PROBLEM TO SOLVE: Retype the data below exactly, skipping pictures.

SUPPLIED DATA:
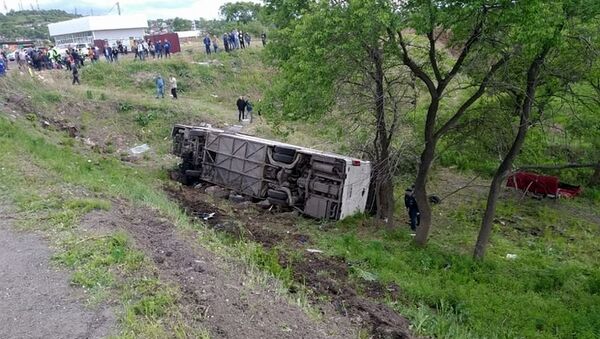 俄濱海邊疆區逮捕大巴翻車事故涉事司機 - 俄羅斯衛星通訊社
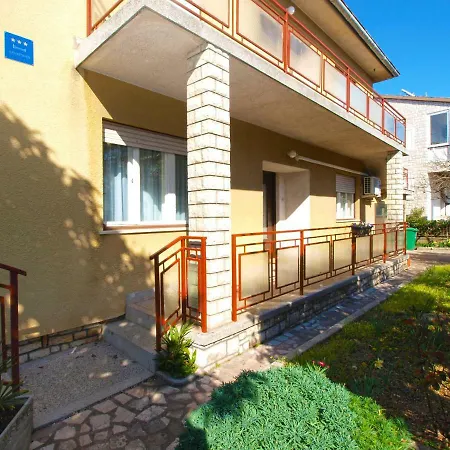 Apartment Ondina 1827 *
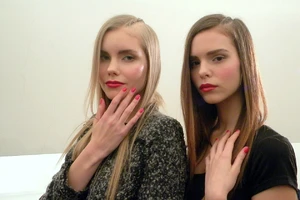 Red-fever-nel-backstage-della-sfilata-autunno-inverno-2014-15-di-Aigner-nella-foto-le-modelle-Sanna-Rytila-e-Boglarka-Hornyak.webp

RESPONSE AREA:
 俄濱海邊疆區逮捕大巴翻車事故涉事司機 - 俄羅斯衛星通訊社
 Apartment Ondina 1827 *
 Red-fever-nel-backstage-della-sfilata-autunno-inverno-2014-15-di-Aigner-nella-foto-le-modelle-Sanna-Rytila-e-Boglarka-Hornyak.webp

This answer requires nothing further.